The ruling, if it stands, could affect millions of Americans who fell behind on their rent after losing jobs, side gigs, and working hours over the past year. Advocates fear it could trigger a wave of homelessness during the still-ongoing health crisis.
The original eviction freeze was put in place by the Centers for Disease Control and Protection under President Donald Trump last March, then extended by President Joe Biden to prevent people from being tossed out of their homes during a pandemic. The moratorium’s latest extension had been slated to expire at the end of June.
“The CDC moratorium is critical for renters and for the economy,” says Davida Fingers, a law professor at Loyola University in New Orleans. “The CDC has the authority and duty to promote public health measures and protect the public during the pandemic.”

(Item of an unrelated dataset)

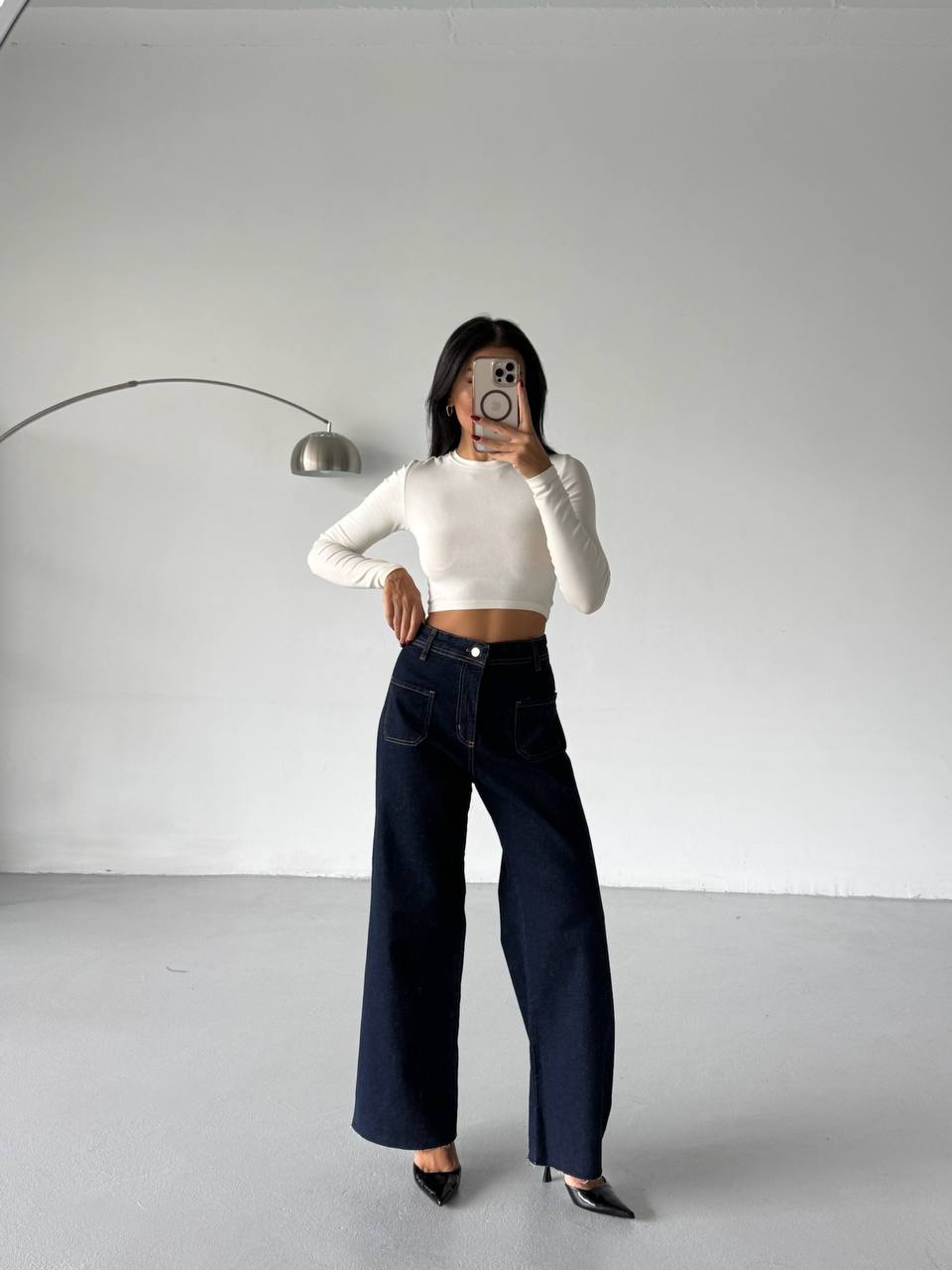 Pocket Wide Leg Jeans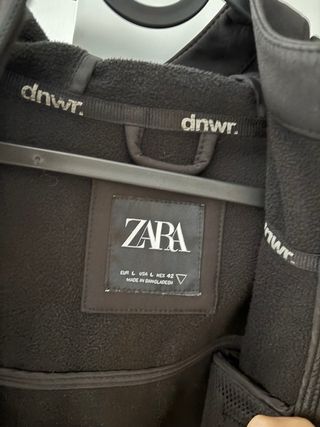 Chaqueta Zara Negra con Capucha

However, U.S. District Court Judge Dabney Friedrich ruled the CDC overstepped its powers when it put the moratorium in place.
“It is the role of the political branches, and not the courts, to assess the merits of policy measures designed to combat the spread of disease, even during a global pandemic,” the ruling stated. “The question for the Court is a narrow one: Does the Public Health Service Act grant the CDC the legal authority to impose a nationwide eviction moratorium? It does not.”

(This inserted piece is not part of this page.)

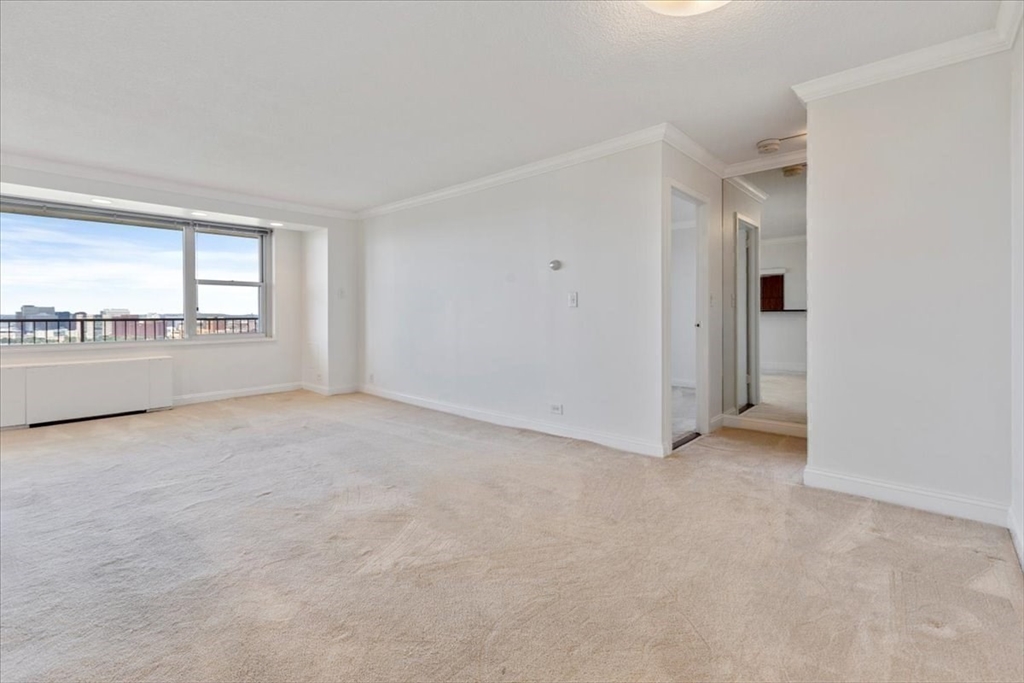 151 Tremont St # 24N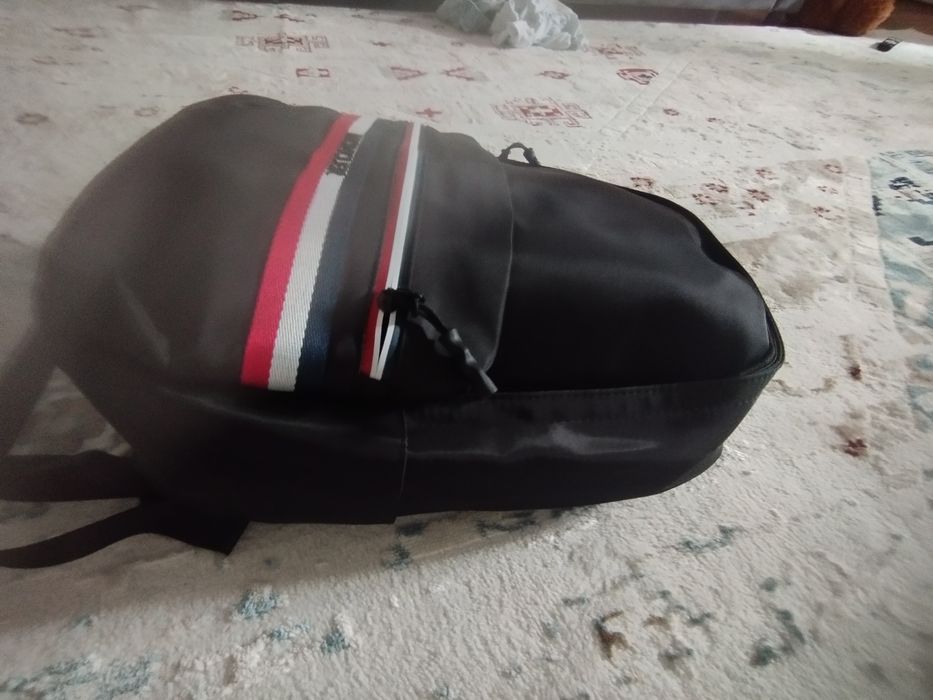 Moncler продаю сумку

In November, the Alabama Association of Realtors and Georgia real estate agents filed a lawsuit challenging the eviction freeze. In it, landlords claimed the moratorium put an undue financial burden on them to continue maintaining the buildings and, in some cases, making mortgage payments even without any rent coming in to cover it.

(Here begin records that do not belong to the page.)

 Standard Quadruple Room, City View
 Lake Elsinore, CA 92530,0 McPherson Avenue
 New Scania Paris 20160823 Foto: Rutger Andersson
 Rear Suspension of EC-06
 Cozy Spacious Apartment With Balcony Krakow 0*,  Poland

Landlord groups have advocated for the government to provide rental assistance to struggling tenants instead of an eviction freeze. Congress has approved around $45 billion in rental assistance that is currently being disbursed.
“Nationwide, long-term eviction moratoriums only serve to place insurmountable levels of debt on households,” said the National Multifamily Housing Council in a statement. The landlord-rights group represents landlords, apartment developers, and managers. Such moratoriums “jeopardize the stability of housing providers who have been damaged by revenue losses over the past year and who may be struggling to pay their mortgages, finance property operations and meet their own financial obligations.”
Ironically, earlier this week, the Biden administration sent letters to dozens of large landlords and debt collectors informing them that they needed to either abide by the moratorium—or be hit with the consequences.
However, there is still some ambiguity surrounding what happens next, as the Department of Justice plans to appeal. This week’s ruling isn’t expected to affect state and local eviction moratoriums.
“There are now numerous conflicting court rulings at the district court level, with several judges ruling in favor of the moratorium and several ruling against,” Diane Yentel, president and CEO of the National Low Income Housing Coalition, said in a statement. “While this latest ruling is written more starkly than previous ones, it likely has equally limited application impacting only the plaintiffs who brought the case or, at most, renters in the district court’s jurisdiction.”